● **Requirement**: In the listing below, the lines starting at the line with "Use a frother" and ending at the line with "Let me know" are to be output verbatim. Images stay out of the copy.

══ Source records

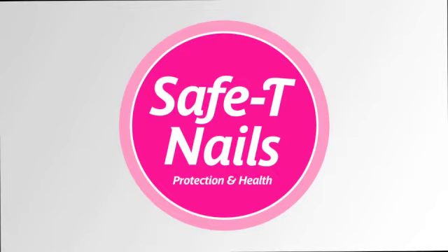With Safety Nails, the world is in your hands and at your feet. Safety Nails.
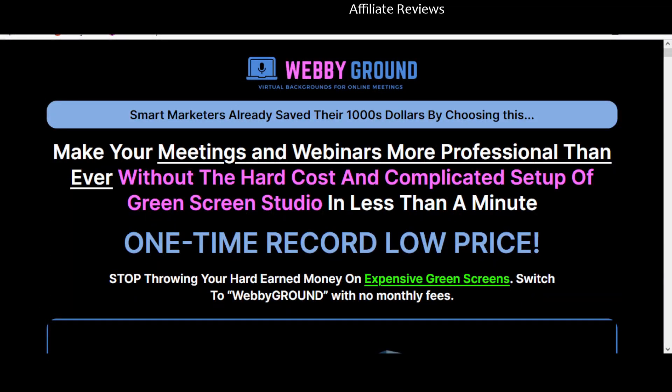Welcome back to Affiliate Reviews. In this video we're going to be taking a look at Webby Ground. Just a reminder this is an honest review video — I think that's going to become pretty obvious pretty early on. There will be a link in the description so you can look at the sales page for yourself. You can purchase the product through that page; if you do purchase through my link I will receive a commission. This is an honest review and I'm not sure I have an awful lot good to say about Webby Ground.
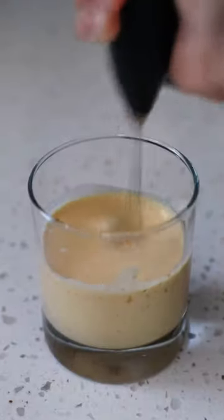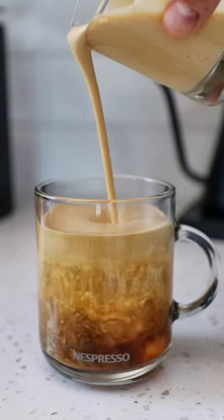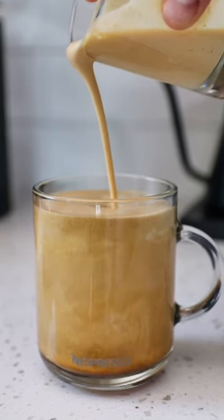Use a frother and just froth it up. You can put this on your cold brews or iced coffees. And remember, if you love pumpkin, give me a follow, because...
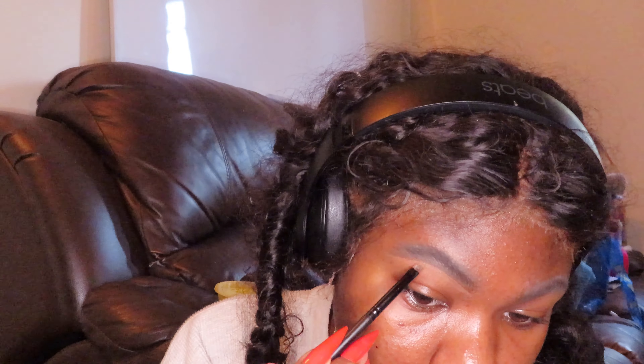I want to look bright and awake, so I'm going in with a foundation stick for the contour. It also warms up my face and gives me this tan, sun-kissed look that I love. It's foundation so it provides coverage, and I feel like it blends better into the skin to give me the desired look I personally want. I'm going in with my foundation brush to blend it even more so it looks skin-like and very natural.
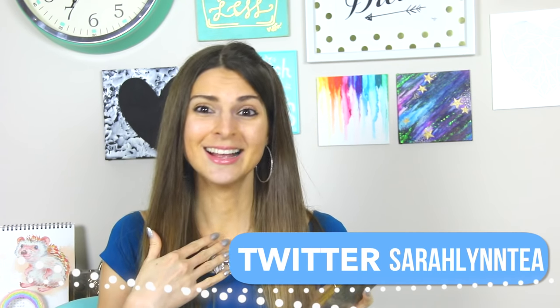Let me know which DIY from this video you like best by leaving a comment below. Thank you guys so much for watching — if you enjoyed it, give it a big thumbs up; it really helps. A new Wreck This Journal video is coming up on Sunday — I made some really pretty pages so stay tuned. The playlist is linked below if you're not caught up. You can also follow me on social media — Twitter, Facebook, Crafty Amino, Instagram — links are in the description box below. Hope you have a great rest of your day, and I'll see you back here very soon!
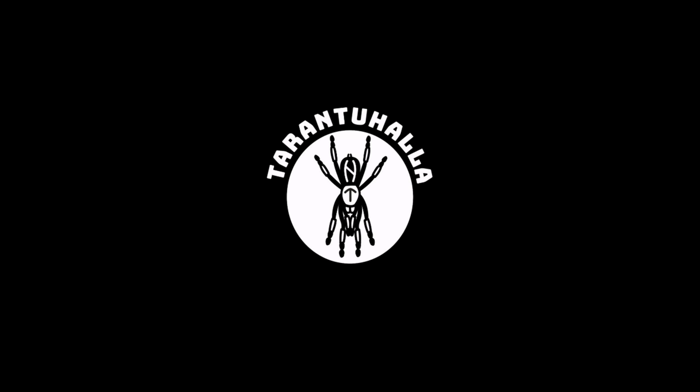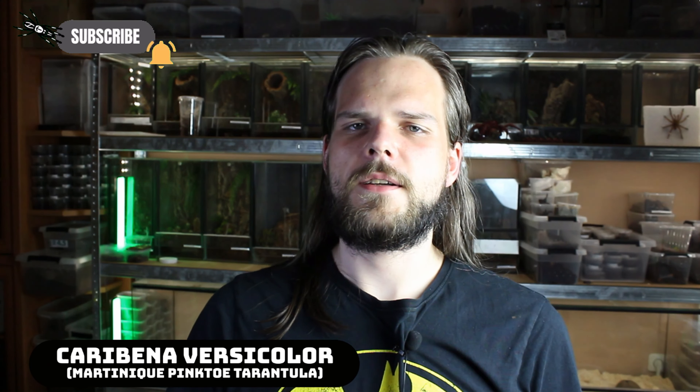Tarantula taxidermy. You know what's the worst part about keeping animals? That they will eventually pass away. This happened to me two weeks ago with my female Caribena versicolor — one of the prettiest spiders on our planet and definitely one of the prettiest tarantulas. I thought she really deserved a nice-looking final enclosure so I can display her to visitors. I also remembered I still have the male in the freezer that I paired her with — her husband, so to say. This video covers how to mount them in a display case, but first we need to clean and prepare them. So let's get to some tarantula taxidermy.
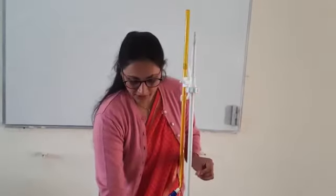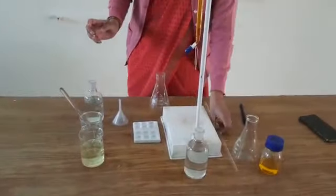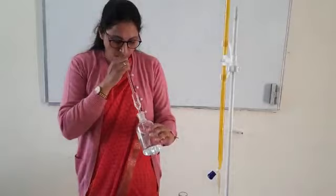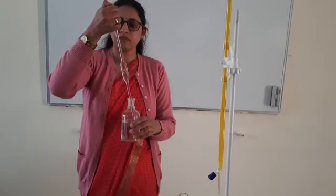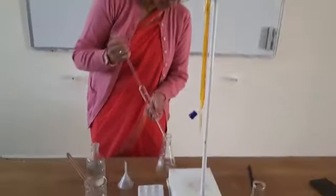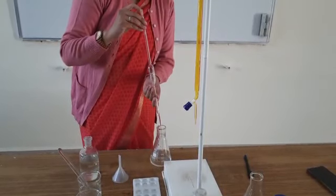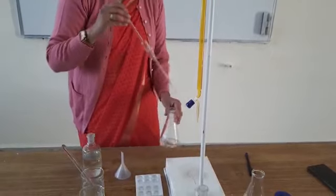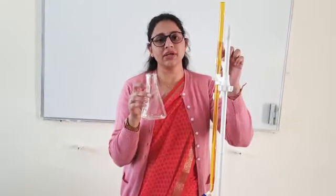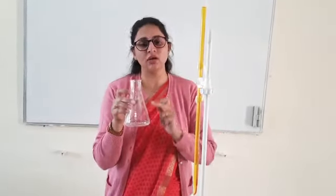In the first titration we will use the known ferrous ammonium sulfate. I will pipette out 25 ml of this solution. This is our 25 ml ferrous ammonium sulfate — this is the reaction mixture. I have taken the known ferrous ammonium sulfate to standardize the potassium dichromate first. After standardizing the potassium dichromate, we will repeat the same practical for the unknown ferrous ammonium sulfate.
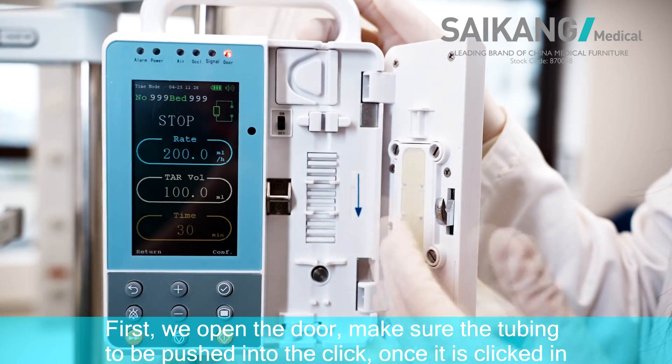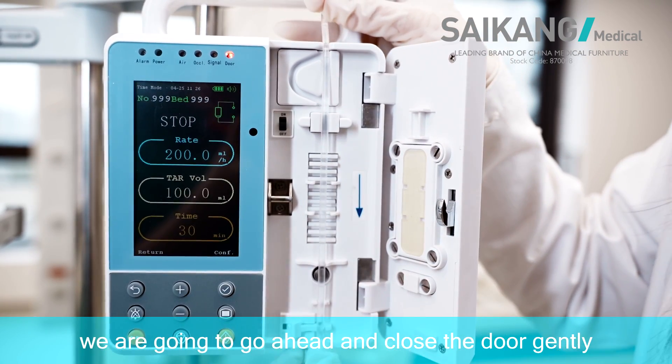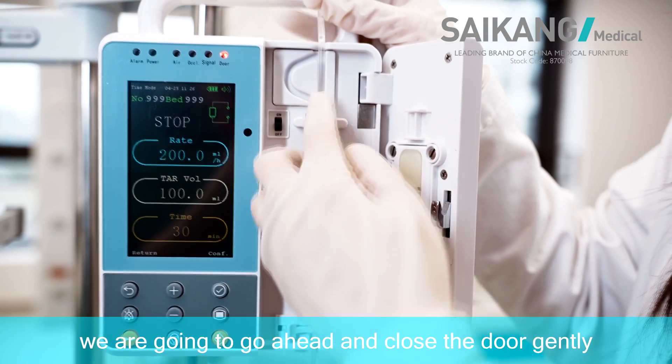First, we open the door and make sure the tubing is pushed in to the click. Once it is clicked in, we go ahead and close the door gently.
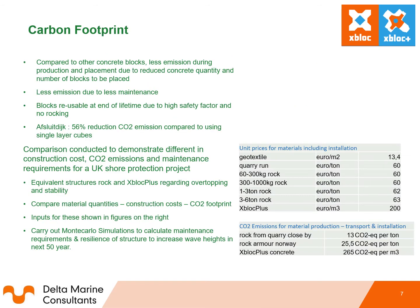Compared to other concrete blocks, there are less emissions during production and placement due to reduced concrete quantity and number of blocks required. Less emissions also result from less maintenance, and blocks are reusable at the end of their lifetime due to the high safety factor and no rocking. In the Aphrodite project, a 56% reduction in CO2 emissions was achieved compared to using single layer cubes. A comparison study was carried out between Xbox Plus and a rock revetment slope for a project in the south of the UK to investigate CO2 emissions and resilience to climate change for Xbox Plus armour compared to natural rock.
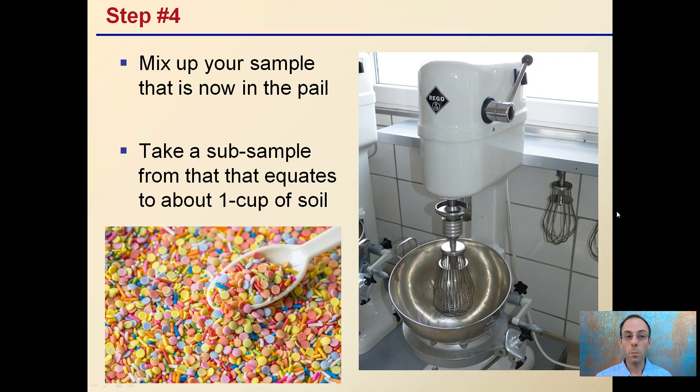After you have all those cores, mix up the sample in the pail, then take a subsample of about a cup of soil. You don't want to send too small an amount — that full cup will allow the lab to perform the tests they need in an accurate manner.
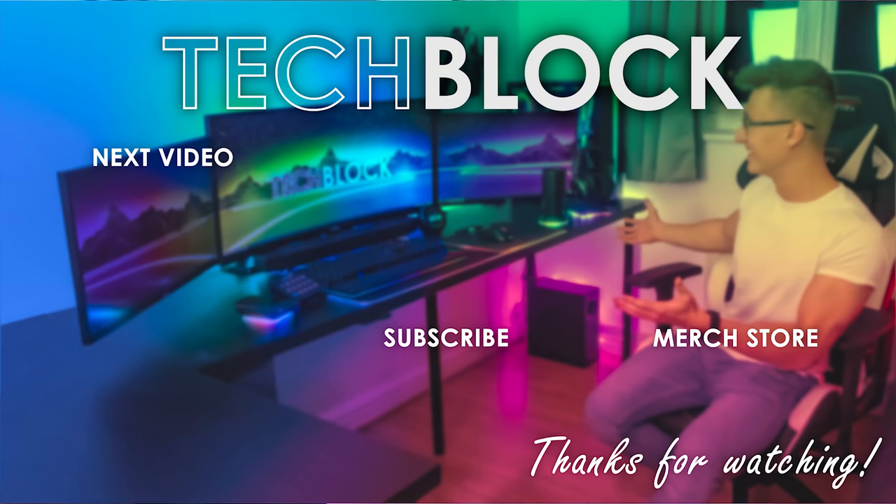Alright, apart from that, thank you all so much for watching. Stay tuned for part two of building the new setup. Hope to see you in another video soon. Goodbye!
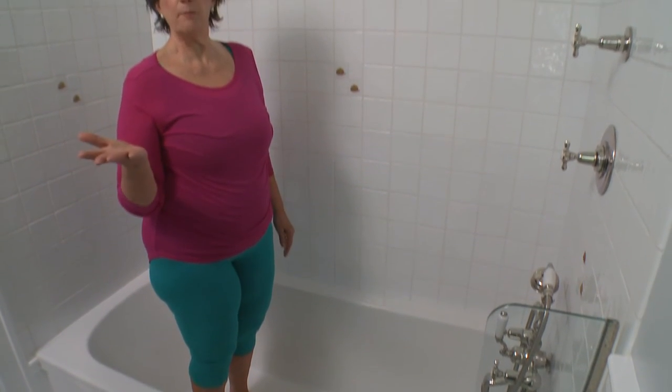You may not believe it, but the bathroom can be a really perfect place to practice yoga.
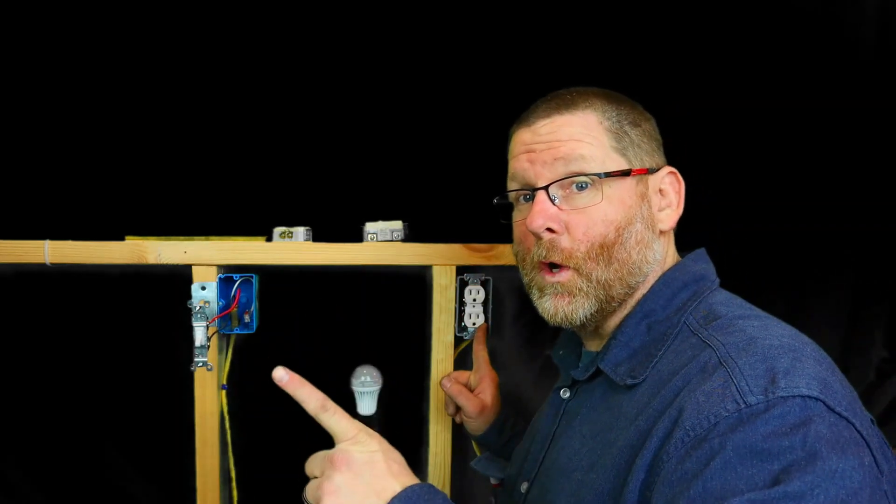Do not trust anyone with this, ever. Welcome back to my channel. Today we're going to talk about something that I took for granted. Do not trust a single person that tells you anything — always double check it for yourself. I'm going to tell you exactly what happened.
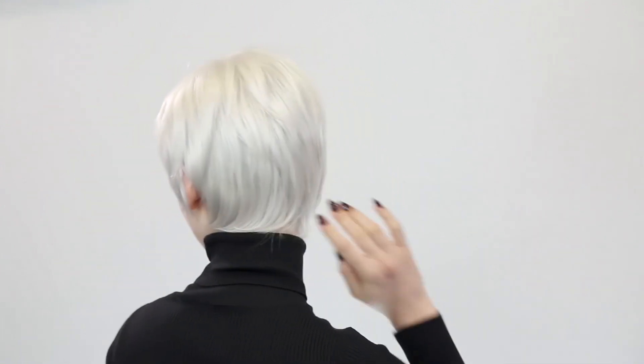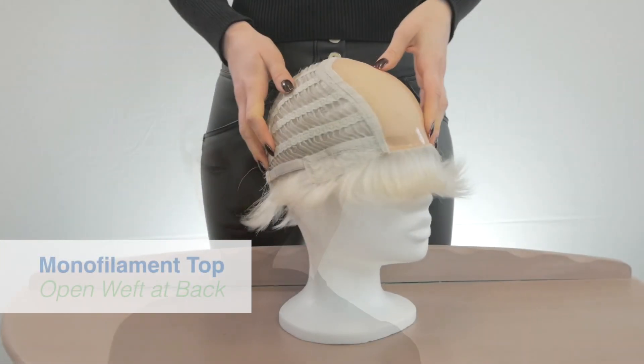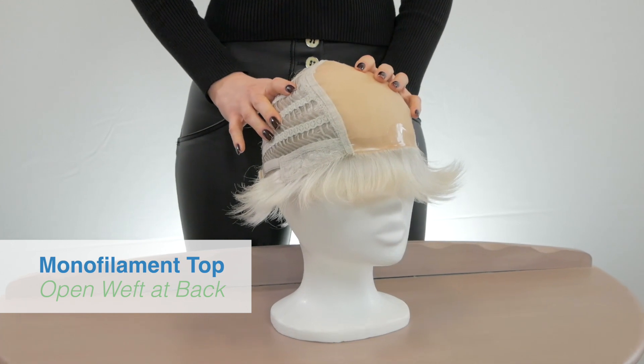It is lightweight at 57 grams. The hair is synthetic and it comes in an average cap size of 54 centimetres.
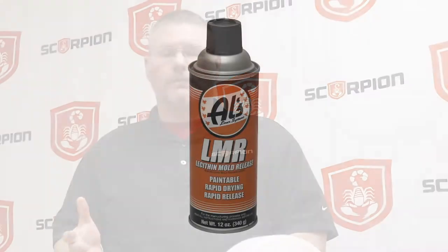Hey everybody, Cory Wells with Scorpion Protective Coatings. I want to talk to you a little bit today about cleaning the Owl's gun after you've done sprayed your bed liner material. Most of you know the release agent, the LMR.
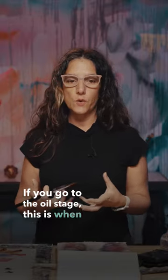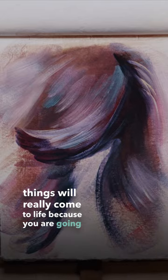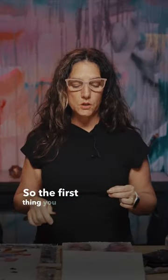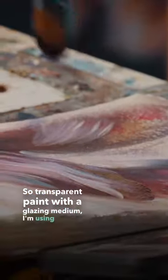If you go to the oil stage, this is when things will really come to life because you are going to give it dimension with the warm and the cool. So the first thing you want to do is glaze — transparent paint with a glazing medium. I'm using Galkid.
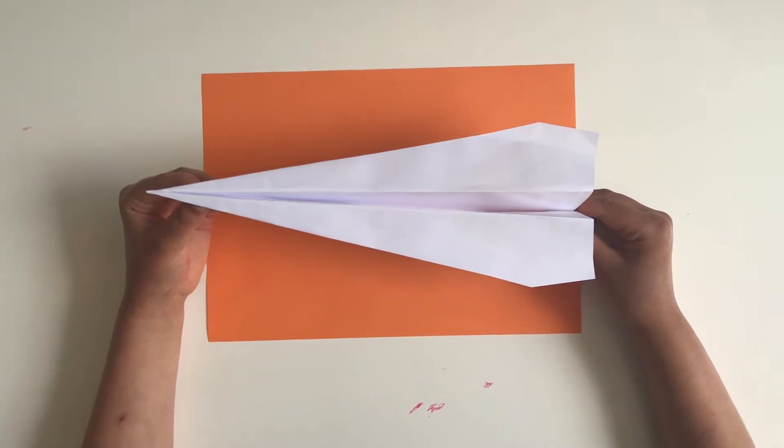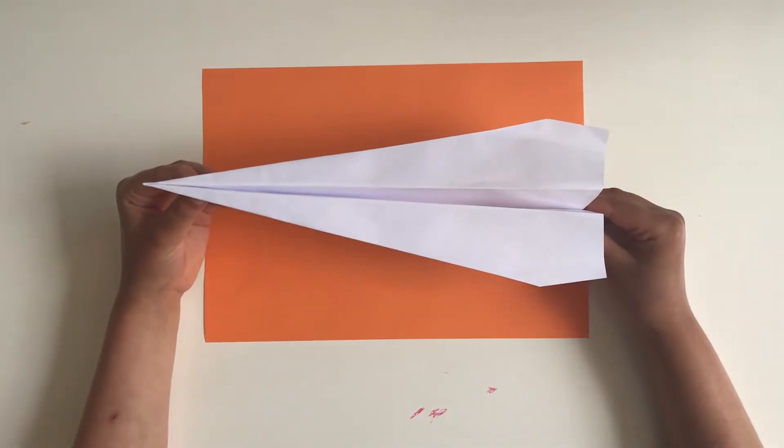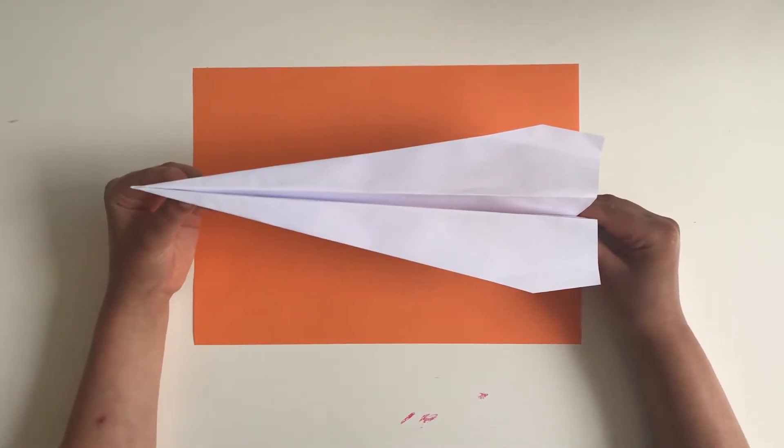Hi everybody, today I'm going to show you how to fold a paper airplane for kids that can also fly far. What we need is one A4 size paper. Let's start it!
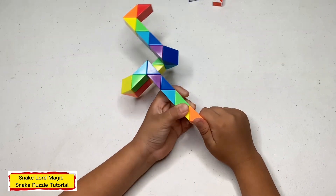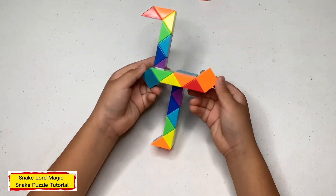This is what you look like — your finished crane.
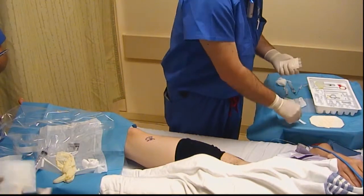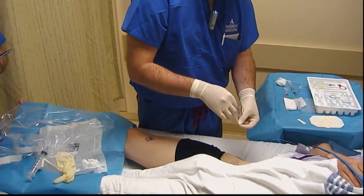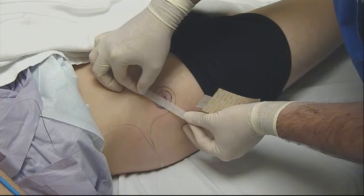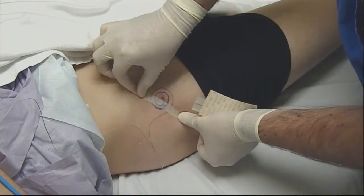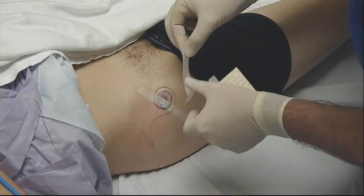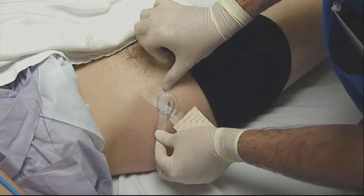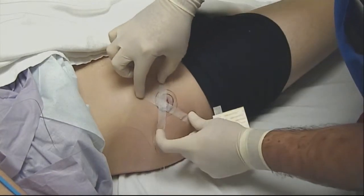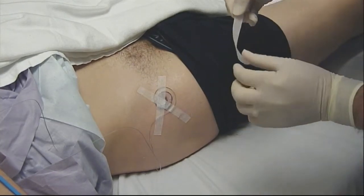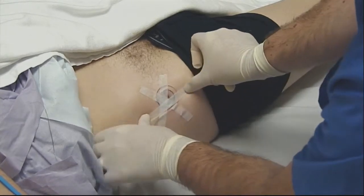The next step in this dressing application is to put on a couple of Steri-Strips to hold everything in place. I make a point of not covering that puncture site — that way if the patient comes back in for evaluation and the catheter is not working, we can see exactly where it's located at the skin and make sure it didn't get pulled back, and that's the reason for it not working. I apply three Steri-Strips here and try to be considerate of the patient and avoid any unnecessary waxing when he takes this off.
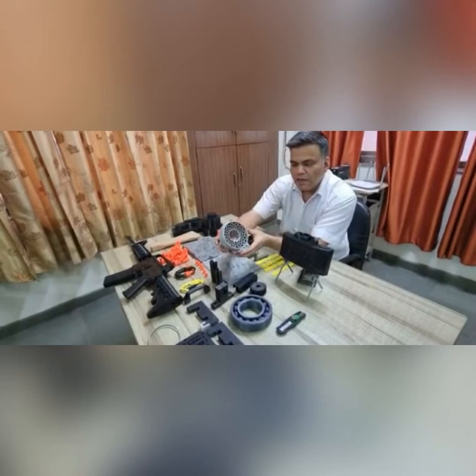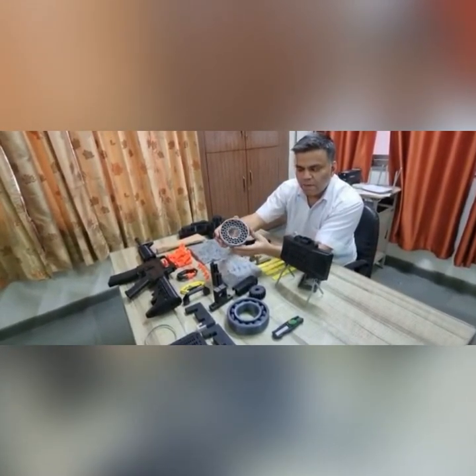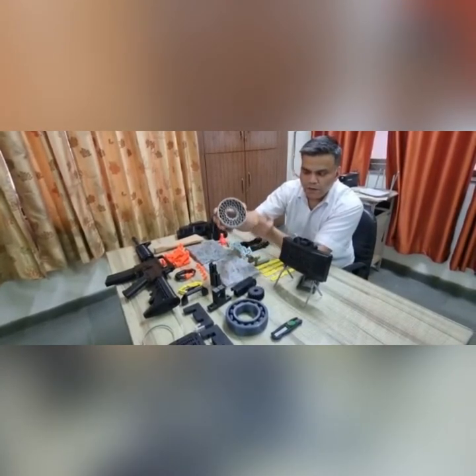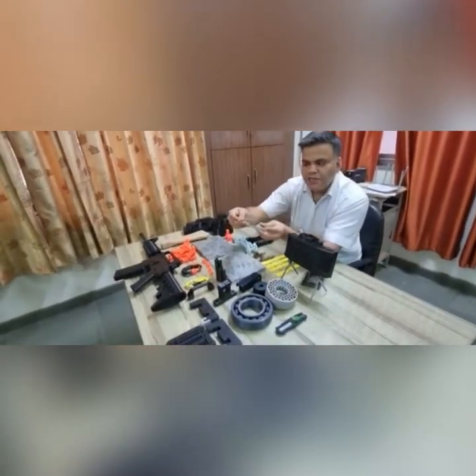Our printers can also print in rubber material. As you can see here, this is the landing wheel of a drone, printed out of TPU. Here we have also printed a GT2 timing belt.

════

● **Answer to the exercise**:
Use a frother and just froth it up. You can put this on your cold brews or iced coffees. And remember, if you love pumpkin, give me a follow, because...
I want to look bright and awake, so I'm going in with a foundation stick for the contour. It also warms up my face and gives me this tan, sun-kissed look that I love. It's foundation so it provides coverage, and I feel like it blends better into the skin to give me the desired look I personally want. I'm going in with my foundation brush to blend it even more so it looks skin-like and very natural.
Let me know which DIY from this video you like best by leaving a comment below. Thank you guys so much for watching — if you enjoyed it, give it a big thumbs up; it really helps. A new Wreck This Journal video is coming up on Sunday — I made some really pretty pages so stay tuned. The playlist is linked below if you're not caught up. You can also follow me on social media — Twitter, Facebook, Crafty Amino, Instagram — links are in the description box below. Hope you have a great rest of your day, and I'll see you back here very soon!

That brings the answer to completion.